The Activation Deck runs the game sequence. There are four types of cards:
  • Activation Cards
  • Morale Cards
  • Forward Boys!
  • Event Cards
Activation Cards
An Activation card contains three pieces of information: the side being activated, the Troop Type activated and the number of Actions allowed for these units.

When drawn, all Troop Types of the activated side (including Officers that are a unit consisting of a single model) may perform the number of actions indicated on the card.

Example: if the player who will control the Russian Army, adds a Russian Jaegers unit (Troop type: Irregular) to his army, he adds the Russian card for Irregular units. Once the game begins, when that particular card comes up, the player then activates all his units with the Irregular troop type characteristic. 

Morale Card
There is one card for each side. Once the card comes up that side will have to take a Reaction test for each unit. This card is only added when at the end of a turn one side has lost half or more of its starting number of models.

Forward Boys!
This card activates all Officers and units with the "Elite" trait of that side. Each of these units may immediately perform 1 action. For my cards I wanted to have the text Forward Boys in the two languages of my game.

Event Cards
The  event cards are  used to add a  random element to your game. They can be used to indicate a specific scenario event if  using the Scenario Generator. Some times these cards will not have any impact on the game, at other times they may have unexpected consequences.

The 1812 - Retreat from Moscow Activation Deck
The original deck for Muskets & Tomahawks while beautiful, cannot be used for 1812 - Retreat from Moscow. I therefore chose to design my own using InDesign and Photoshop. 

For the back of the cards I chose the well known image of Napoleon during the Retreat from Moscow by Adolph Northen. 

Through my work I have access to an online image database and here I found some excellent images of battle worn French and Russian flags. These would be the background for each of the cards front. It was then just a question of adding the different text to each card.

I am very pleased with the results, especially the look of the two flags.

Monday, January 5, 2015


These figures were painted and photographed before Christmas, but I have only now gotten around to actually posting these. The photos are not the best, so I will try and take some new ones.

The mounted Cossacks are all from Perry Miniatures. The bases are made from hard wood, with a simple snow mixture (baking soda, white glue, white paint and water).
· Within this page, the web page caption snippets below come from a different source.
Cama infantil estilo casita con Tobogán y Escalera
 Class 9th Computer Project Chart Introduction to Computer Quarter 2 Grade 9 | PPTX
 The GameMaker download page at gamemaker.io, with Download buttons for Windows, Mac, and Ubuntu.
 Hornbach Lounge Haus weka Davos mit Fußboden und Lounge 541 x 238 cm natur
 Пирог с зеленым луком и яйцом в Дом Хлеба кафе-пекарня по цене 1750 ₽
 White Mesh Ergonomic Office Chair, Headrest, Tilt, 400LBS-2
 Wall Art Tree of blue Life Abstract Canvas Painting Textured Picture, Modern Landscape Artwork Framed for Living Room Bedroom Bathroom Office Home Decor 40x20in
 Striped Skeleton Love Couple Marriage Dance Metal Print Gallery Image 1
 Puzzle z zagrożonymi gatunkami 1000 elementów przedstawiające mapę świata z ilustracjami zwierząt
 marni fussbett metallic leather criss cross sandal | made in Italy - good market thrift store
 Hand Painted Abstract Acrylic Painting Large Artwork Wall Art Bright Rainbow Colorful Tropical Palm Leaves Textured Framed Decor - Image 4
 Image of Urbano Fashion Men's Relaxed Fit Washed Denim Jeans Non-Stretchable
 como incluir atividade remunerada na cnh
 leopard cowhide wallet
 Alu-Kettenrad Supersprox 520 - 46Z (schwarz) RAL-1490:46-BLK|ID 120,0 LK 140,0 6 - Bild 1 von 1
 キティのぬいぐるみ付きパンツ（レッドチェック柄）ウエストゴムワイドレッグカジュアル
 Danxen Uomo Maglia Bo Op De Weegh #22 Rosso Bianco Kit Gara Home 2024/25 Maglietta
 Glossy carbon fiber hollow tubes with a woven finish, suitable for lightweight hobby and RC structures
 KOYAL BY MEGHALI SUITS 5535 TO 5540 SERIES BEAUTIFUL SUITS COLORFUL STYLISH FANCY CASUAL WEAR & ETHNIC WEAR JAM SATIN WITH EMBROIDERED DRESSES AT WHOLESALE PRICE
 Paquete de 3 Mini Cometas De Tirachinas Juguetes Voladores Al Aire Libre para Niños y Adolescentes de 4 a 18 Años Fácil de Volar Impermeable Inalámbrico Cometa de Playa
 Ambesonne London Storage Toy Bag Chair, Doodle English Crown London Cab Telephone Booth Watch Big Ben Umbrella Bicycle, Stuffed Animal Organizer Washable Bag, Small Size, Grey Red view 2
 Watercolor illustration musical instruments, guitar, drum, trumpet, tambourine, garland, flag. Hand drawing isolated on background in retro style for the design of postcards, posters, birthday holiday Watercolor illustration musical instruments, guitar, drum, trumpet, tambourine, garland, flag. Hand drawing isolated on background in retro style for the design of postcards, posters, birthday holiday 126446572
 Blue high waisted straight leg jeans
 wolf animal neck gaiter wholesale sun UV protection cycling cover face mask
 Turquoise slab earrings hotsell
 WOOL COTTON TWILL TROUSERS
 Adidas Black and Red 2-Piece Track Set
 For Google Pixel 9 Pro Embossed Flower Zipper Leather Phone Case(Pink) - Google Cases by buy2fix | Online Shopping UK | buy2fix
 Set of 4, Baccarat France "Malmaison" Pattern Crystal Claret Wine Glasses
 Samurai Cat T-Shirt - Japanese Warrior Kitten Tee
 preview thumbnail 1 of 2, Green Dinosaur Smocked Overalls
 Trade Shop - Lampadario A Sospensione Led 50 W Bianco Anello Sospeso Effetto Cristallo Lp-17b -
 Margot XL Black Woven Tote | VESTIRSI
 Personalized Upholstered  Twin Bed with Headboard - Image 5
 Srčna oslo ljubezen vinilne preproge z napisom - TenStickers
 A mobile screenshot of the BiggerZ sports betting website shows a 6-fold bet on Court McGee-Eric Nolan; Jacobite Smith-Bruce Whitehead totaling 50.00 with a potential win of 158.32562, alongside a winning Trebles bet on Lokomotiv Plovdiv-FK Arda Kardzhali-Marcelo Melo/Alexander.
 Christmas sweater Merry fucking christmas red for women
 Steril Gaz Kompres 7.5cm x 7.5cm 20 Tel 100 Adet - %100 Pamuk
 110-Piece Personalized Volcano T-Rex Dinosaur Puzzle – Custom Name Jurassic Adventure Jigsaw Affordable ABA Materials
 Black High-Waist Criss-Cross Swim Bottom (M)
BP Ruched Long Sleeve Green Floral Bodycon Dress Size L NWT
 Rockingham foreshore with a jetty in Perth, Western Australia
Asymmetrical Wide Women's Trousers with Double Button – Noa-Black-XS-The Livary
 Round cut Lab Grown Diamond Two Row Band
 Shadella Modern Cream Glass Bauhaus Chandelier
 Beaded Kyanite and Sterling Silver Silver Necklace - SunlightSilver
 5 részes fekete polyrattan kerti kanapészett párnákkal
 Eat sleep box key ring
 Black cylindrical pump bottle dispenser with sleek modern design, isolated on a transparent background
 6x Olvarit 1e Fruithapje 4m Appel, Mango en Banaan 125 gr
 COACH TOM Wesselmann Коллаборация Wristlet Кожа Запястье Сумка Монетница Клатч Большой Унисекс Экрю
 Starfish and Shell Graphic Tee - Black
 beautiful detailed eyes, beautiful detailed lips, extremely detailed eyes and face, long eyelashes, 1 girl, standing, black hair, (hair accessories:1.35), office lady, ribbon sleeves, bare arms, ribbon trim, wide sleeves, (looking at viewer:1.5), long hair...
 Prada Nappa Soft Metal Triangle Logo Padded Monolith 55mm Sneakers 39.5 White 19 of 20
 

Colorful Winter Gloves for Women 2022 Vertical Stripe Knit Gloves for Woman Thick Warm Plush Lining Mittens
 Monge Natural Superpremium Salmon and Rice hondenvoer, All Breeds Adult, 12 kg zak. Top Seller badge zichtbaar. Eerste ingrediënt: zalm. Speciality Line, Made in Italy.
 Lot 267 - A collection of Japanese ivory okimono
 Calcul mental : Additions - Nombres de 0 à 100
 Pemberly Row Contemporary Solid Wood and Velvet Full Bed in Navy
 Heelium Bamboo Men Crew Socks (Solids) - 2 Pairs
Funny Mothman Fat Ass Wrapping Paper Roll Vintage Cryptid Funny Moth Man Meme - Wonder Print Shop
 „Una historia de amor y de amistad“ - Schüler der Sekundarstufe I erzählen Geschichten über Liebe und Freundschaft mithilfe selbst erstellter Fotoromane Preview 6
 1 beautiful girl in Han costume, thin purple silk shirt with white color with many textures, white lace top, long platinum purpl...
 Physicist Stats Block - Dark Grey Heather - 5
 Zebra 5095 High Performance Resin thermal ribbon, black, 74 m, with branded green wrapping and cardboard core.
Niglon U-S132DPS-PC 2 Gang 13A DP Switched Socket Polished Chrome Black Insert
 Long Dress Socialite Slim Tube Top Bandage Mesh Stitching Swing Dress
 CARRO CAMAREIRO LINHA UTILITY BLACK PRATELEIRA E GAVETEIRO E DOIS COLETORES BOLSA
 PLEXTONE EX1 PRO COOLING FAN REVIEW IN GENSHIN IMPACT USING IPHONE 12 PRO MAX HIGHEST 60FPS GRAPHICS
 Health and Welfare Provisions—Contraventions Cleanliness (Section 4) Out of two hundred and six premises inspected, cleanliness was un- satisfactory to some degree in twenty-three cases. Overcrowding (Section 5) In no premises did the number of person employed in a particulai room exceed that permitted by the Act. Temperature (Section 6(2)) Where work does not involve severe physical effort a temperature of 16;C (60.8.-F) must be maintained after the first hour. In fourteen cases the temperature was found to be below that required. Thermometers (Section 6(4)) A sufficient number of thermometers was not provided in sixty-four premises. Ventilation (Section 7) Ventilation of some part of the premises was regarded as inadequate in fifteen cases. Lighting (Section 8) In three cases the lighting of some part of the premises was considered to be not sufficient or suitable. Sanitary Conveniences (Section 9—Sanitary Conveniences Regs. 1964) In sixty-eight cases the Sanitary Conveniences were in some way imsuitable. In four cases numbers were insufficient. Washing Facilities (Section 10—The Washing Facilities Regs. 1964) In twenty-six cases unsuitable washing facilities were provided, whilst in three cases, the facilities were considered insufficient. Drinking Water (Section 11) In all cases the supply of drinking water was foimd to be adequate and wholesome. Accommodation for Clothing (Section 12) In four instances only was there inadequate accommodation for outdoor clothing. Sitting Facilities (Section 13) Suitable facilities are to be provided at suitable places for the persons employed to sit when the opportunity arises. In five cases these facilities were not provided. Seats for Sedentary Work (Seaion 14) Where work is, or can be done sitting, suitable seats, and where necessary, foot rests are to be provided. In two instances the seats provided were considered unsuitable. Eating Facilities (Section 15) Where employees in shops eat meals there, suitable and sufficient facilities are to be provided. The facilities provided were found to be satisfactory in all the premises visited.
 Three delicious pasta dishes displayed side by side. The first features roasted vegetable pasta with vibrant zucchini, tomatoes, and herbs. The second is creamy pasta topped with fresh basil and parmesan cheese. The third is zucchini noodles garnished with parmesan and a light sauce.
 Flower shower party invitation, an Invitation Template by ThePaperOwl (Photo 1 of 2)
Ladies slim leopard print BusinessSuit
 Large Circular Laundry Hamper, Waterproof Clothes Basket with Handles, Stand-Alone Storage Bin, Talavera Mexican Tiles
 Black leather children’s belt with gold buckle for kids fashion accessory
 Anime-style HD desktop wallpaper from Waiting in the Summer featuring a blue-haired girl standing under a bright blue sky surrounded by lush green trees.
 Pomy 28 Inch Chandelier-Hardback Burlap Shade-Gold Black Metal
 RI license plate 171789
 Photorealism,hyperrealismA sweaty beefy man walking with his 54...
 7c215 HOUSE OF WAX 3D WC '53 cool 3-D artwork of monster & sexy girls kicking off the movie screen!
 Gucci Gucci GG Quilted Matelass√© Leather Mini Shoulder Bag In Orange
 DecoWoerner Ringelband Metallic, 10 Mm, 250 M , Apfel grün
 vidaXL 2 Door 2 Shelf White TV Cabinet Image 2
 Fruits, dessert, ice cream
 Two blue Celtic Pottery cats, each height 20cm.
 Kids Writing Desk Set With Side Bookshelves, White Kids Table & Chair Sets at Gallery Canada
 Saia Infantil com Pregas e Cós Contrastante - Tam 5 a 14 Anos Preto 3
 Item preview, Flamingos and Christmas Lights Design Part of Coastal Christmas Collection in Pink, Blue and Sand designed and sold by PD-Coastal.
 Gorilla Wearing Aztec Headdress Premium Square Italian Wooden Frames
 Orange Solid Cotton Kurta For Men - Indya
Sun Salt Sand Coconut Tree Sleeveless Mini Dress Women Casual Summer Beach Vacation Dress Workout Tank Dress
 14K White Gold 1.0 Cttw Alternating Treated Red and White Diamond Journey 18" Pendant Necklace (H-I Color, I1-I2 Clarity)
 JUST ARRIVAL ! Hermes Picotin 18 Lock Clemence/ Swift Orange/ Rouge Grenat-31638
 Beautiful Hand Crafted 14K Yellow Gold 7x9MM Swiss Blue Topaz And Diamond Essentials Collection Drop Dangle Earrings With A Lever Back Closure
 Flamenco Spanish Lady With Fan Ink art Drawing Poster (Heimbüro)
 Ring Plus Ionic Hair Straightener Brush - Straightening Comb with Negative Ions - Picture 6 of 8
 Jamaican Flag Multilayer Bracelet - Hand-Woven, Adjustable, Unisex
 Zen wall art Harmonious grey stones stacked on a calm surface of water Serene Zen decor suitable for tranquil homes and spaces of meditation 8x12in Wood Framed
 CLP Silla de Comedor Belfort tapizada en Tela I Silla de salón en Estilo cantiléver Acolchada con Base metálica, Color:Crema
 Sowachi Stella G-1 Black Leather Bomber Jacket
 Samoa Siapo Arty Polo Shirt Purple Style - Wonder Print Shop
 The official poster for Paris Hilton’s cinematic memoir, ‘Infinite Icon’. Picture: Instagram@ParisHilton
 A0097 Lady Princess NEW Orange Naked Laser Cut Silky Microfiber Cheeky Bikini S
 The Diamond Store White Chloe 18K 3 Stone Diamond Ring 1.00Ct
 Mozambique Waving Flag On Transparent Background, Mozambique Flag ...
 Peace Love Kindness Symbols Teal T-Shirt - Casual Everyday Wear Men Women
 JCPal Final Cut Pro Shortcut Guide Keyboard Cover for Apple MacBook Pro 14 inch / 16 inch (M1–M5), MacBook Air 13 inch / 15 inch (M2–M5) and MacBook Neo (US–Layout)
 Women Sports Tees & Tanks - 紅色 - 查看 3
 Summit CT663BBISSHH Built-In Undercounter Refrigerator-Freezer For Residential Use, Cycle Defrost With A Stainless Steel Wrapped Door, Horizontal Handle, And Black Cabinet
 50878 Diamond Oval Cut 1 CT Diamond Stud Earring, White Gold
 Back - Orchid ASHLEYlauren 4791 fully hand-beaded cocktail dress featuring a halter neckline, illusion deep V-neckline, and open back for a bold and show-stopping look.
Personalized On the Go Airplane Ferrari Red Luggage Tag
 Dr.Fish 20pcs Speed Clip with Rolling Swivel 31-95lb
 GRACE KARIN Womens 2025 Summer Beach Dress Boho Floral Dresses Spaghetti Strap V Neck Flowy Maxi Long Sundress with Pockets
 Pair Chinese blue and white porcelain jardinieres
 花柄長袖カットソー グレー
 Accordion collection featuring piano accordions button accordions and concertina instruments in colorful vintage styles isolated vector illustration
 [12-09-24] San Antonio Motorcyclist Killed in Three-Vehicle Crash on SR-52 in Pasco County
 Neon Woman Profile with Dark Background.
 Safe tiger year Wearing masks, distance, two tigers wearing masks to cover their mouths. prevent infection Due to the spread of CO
They are wonderful looking figures with lots of character.

The Cossack infantry are from Westwind Miniatures. The are listed as Dracula's Cossack Guards and are part of their older Vampire Wars line. They are a bit more fantasy like than the Perry Cossacks but not much.

My painting of these are very simple, base colour, the a Sepia Wash, and a few highlights. It will not win any prices, but it gives them the rough and dirty look of a soldier that I like.